● What is being asked
Leave the images out, and otherwise write out each entry exactly.
┌──
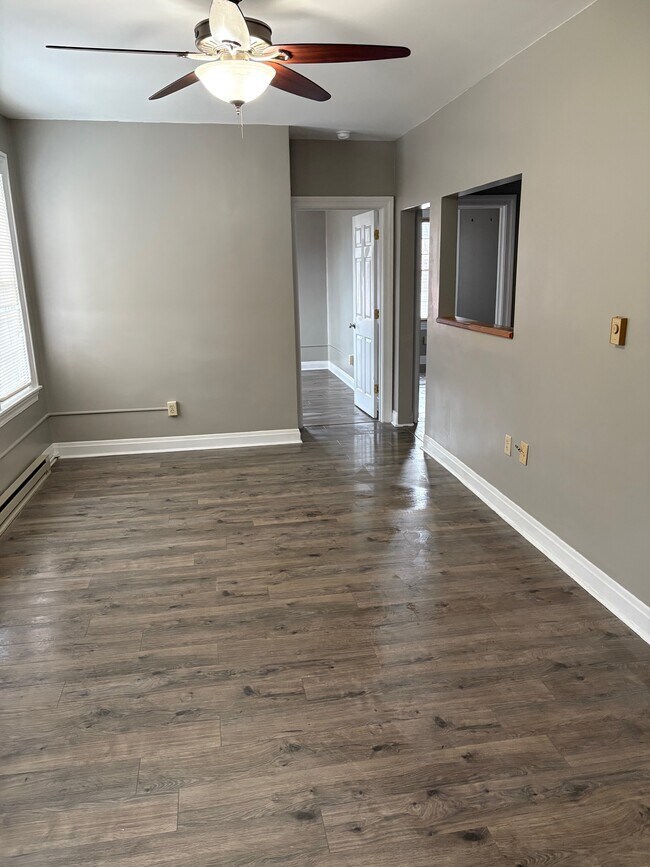 Foto del edificio - 652 Adams Ave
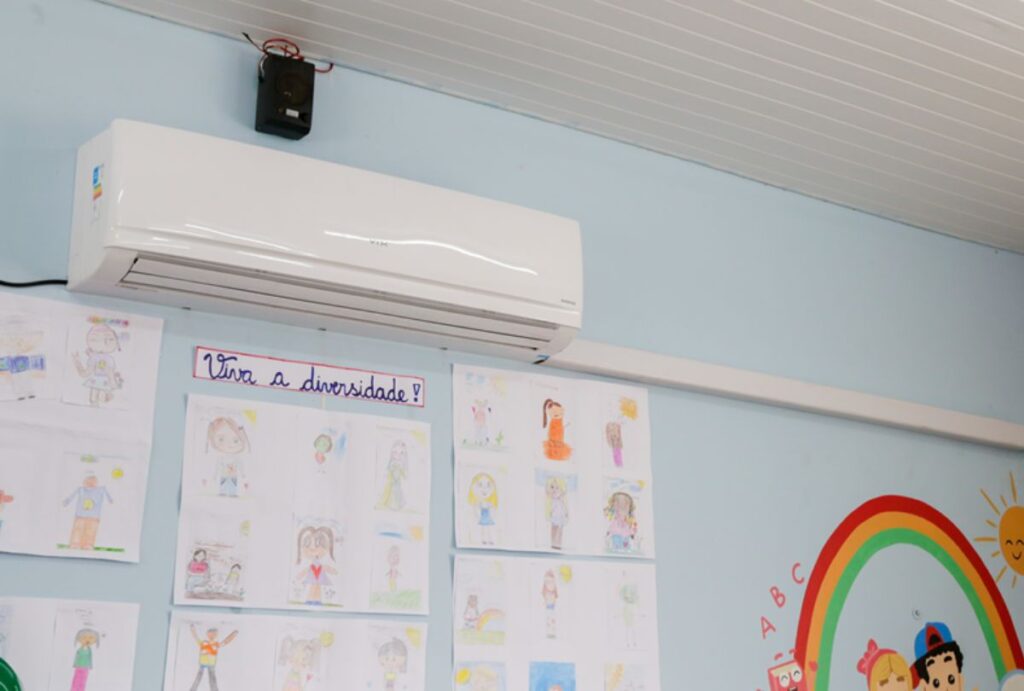 escolas ar condicionado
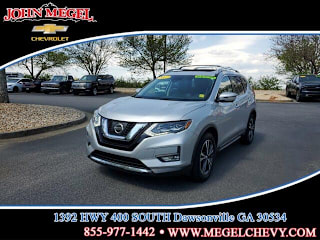 2017 Nissan Rogue 5N1AT2MT7HC826121 2017 Nissan Rogue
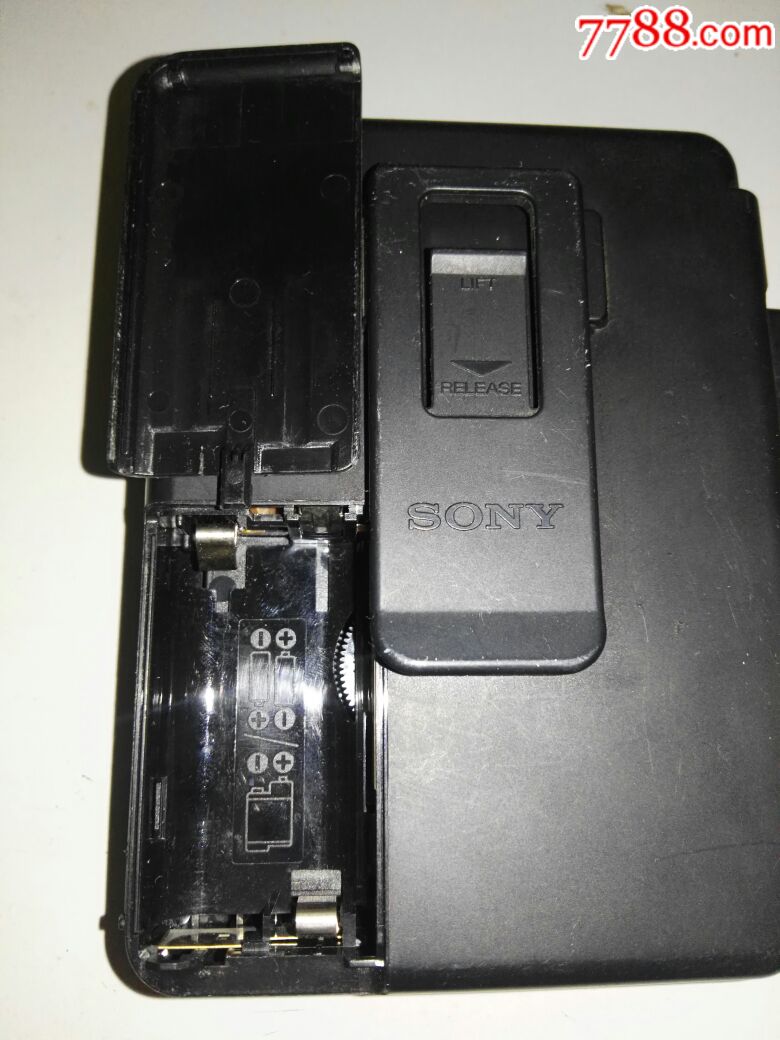 索尼磁带机WM-2011日本原厂生产(配件故障机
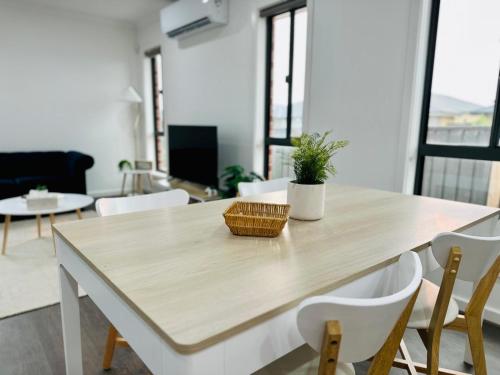 Elegant 3-Bedroom House with Free secured Parking in Cardinia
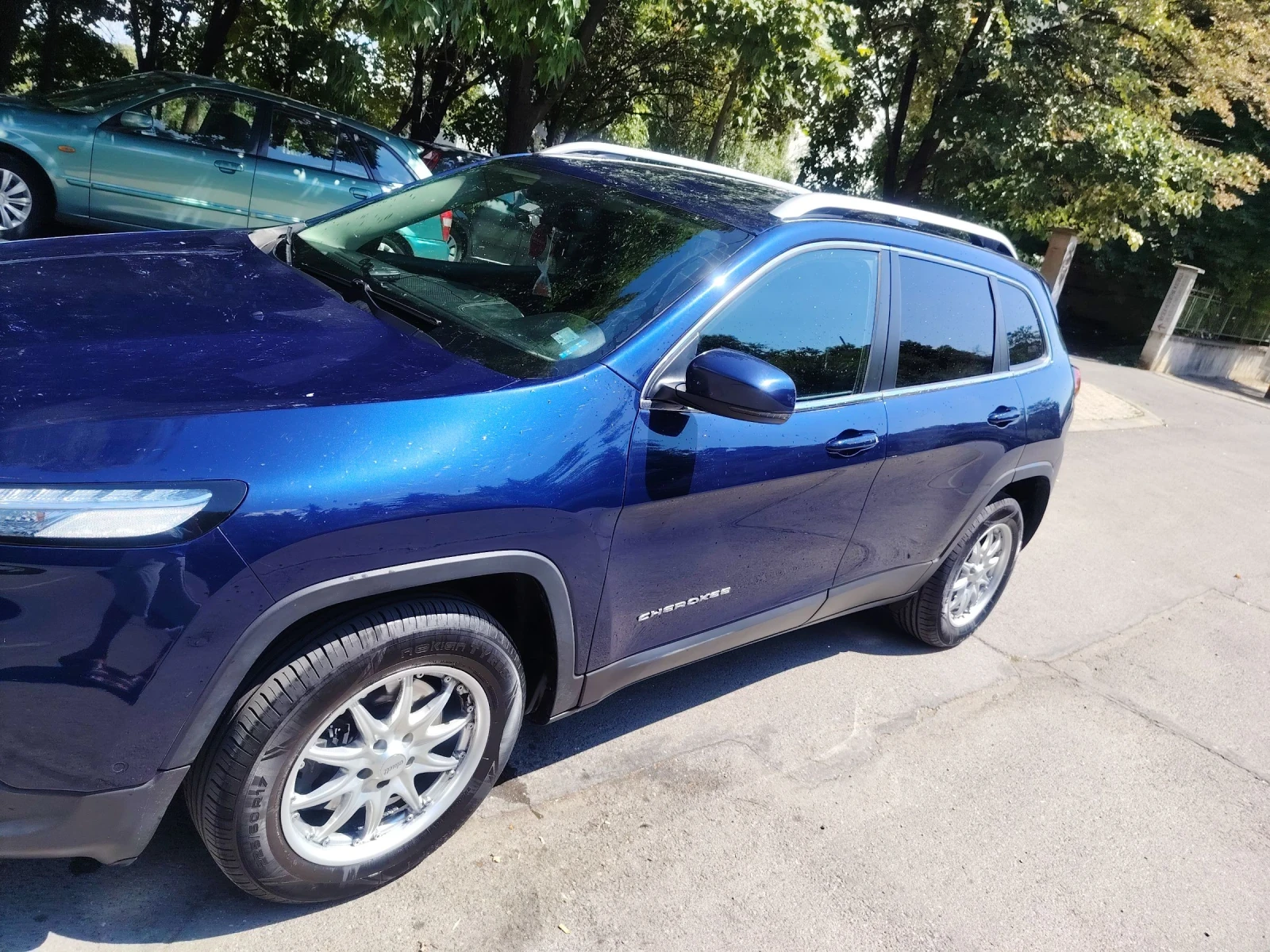 Jeep Cherokee LIMITED 4X4 - изображение 2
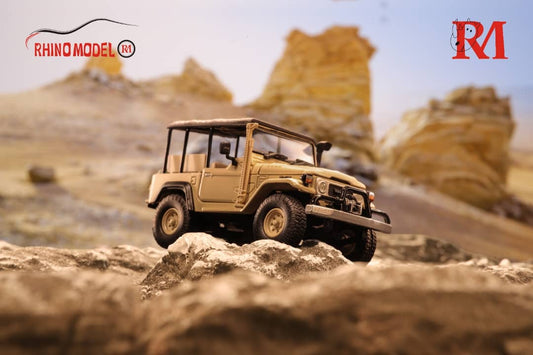 Rhino Model Toyota Land Cruiser FJ40 Pick Up Desert Yellow 1:64 Limited to 888 Pcs-0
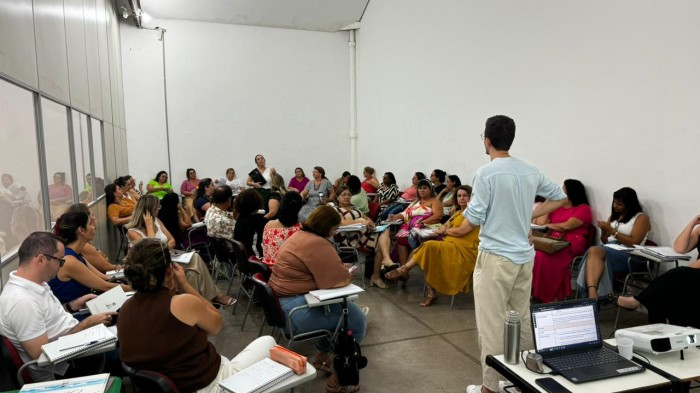 Profissionais da Educação participam de formação de leitura e escrita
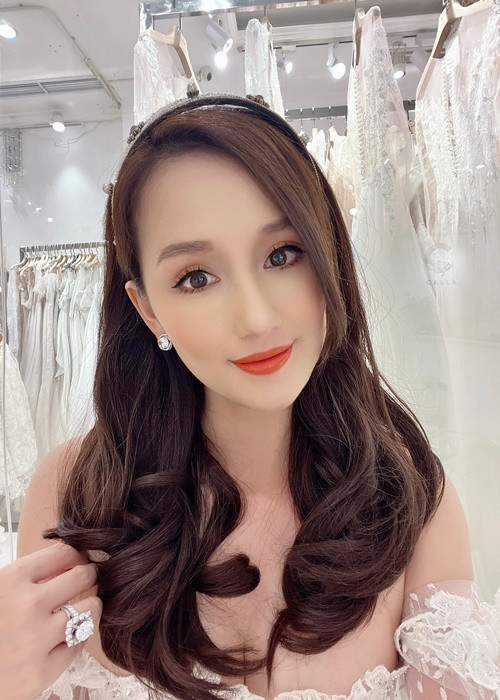 Lã Thanh Huyền không ít lần khoe vòng một căng đầy như muốn tràn ra ngoài.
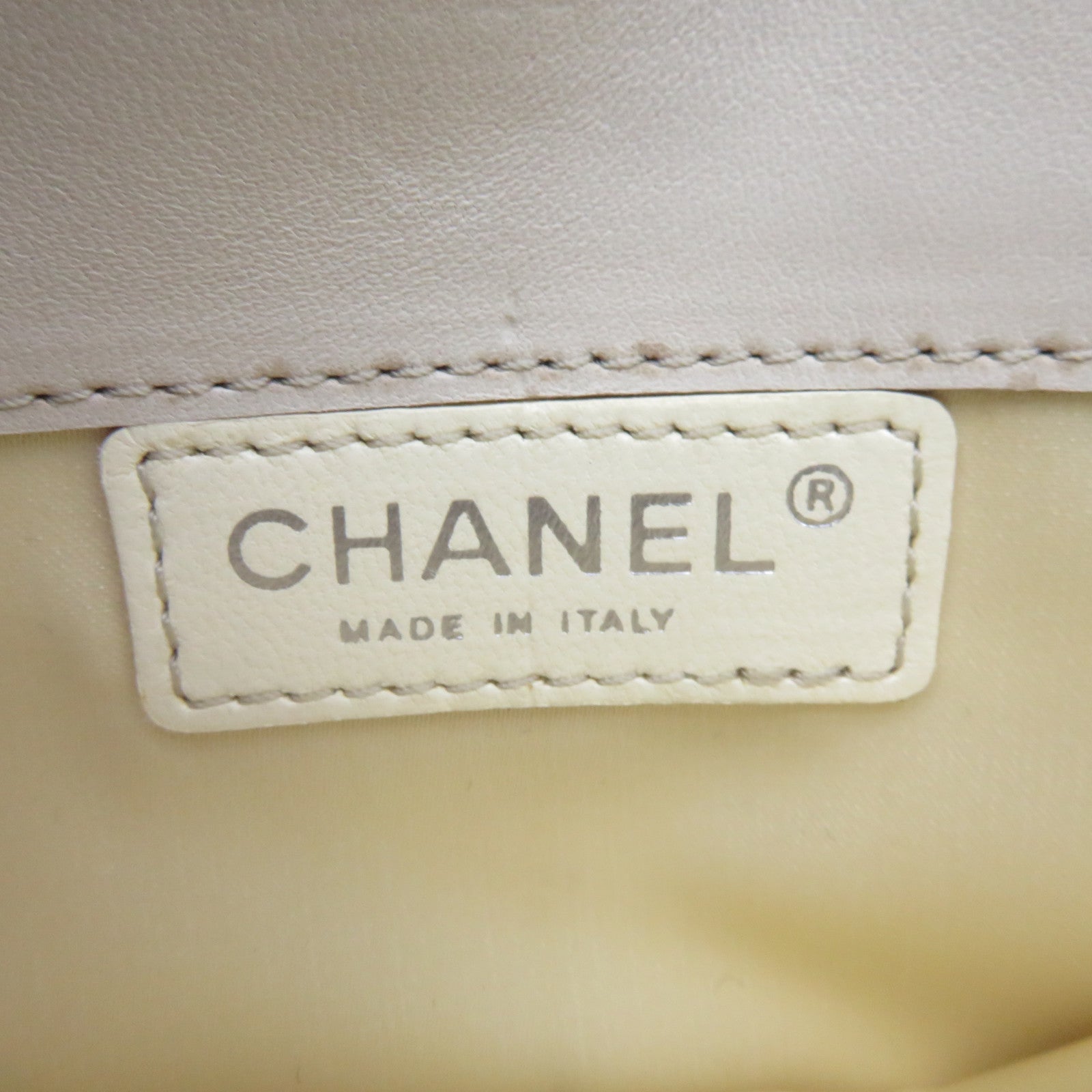 CHANEL 【激減優惠】菱格羊皮皮革Chain Shoulder Bag銀扣鏈帶肩背袋米白色
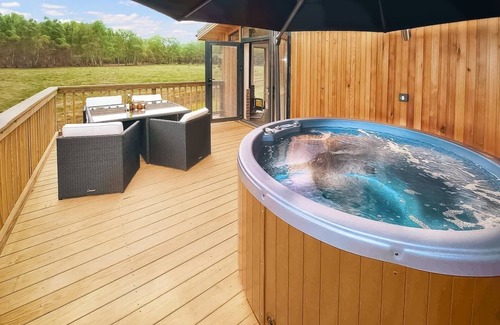 Dukeries Mill Ski Chalet | Woodland Rustic Pet Friendly 2 Bed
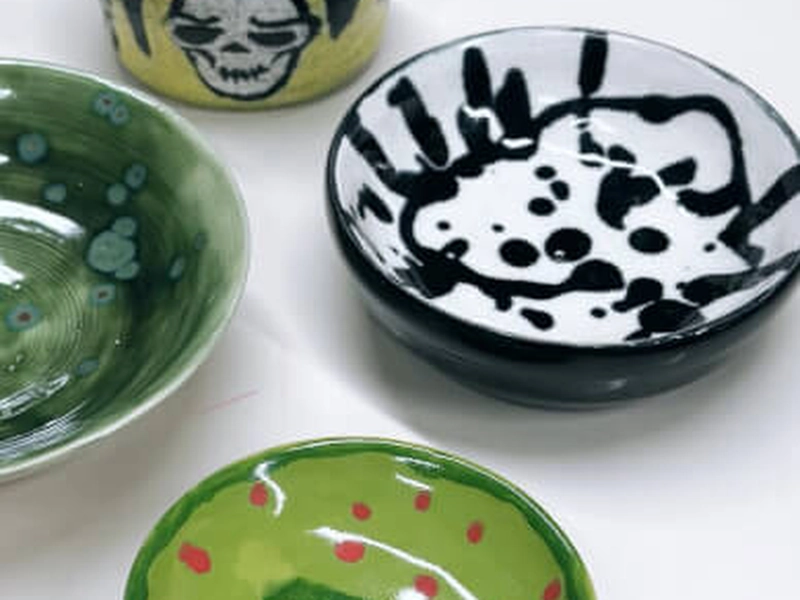 Bisque Pottery Glazing Workshop for Creative Team Building - Gallery image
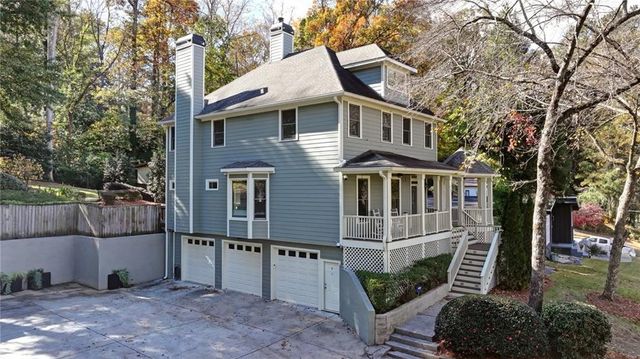 2588 Defoors Ferry NW Road, Atlanta, GA 30318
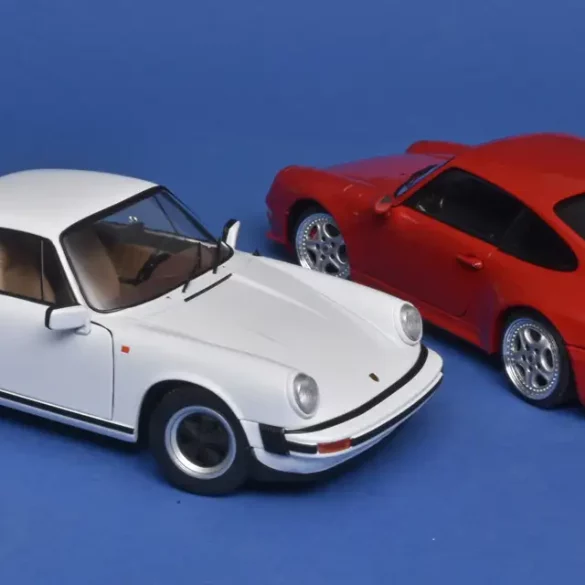18solido Porsche 911 930 3.0 SC 74 + 911 993 Carrera RS 97
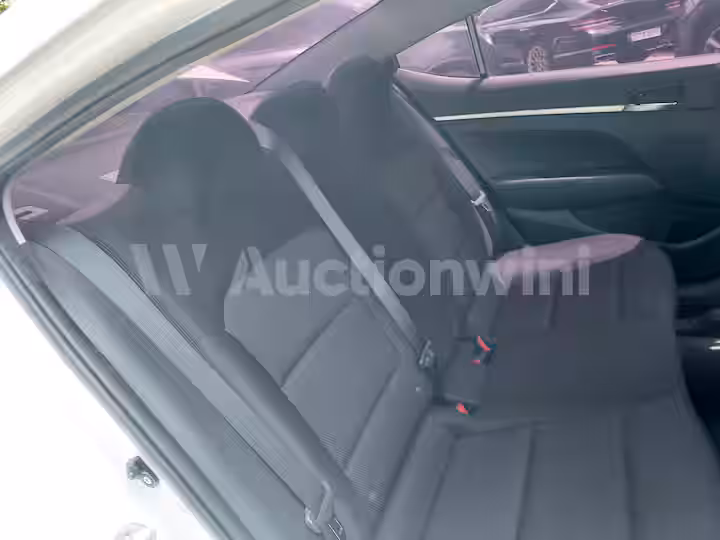 Hyundai Avante 2019 — 31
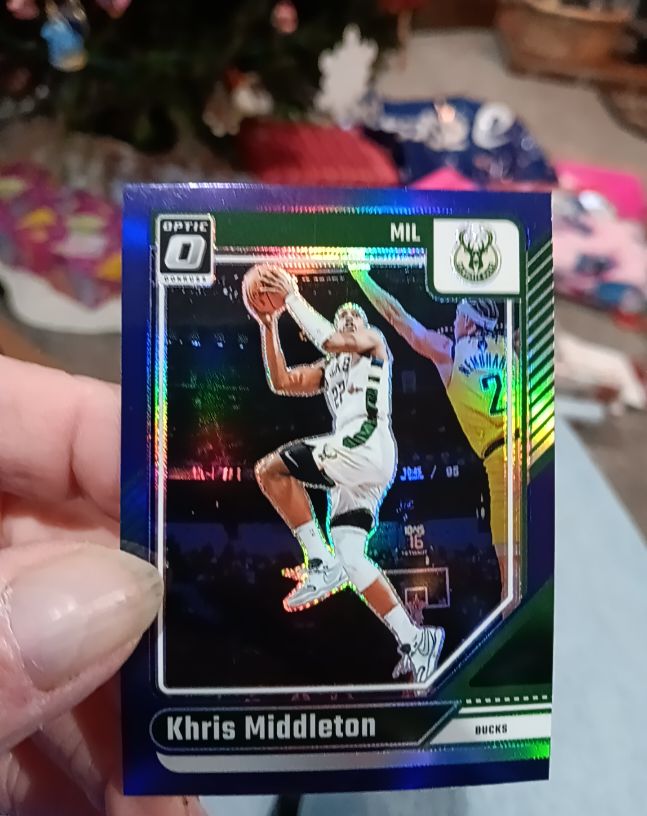 2024-25 Panini Donruss Optic #177 Khris Middleton — front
└──
● Answer to this task
 Foto del edificio - 652 Adams Ave
 escolas ar condicionado
 2017 Nissan Rogue 5N1AT2MT7HC826121 2017 Nissan Rogue
 索尼磁带机WM-2011日本原厂生产(配件故障机
 Elegant 3-Bedroom House with Free secured Parking in Cardinia
 Jeep Cherokee LIMITED 4X4 - изображение 2
 Rhino Model Toyota Land Cruiser FJ40 Pick Up Desert Yellow 1:64 Limited to 888 Pcs-0
 Profissionais da Educação participam de formação de leitura e escrita
 Lã Thanh Huyền không ít lần khoe vòng một căng đầy như muốn tràn ra ngoài.
 CHANEL 【激減優惠】菱格羊皮皮革Chain Shoulder Bag銀扣鏈帶肩背袋米白色
 Dukeries Mill Ski Chalet | Woodland Rustic Pet Friendly 2 Bed
 Bisque Pottery Glazing Workshop for Creative Team Building - Gallery image
 2588 Defoors Ferry NW Road, Atlanta, GA 30318
18solido Porsche 911 930 3.0 SC 74 + 911 993 Carrera RS 97
 Hyundai Avante 2019 — 31
 2024-25 Panini Donruss Optic #177 Khris Middleton — front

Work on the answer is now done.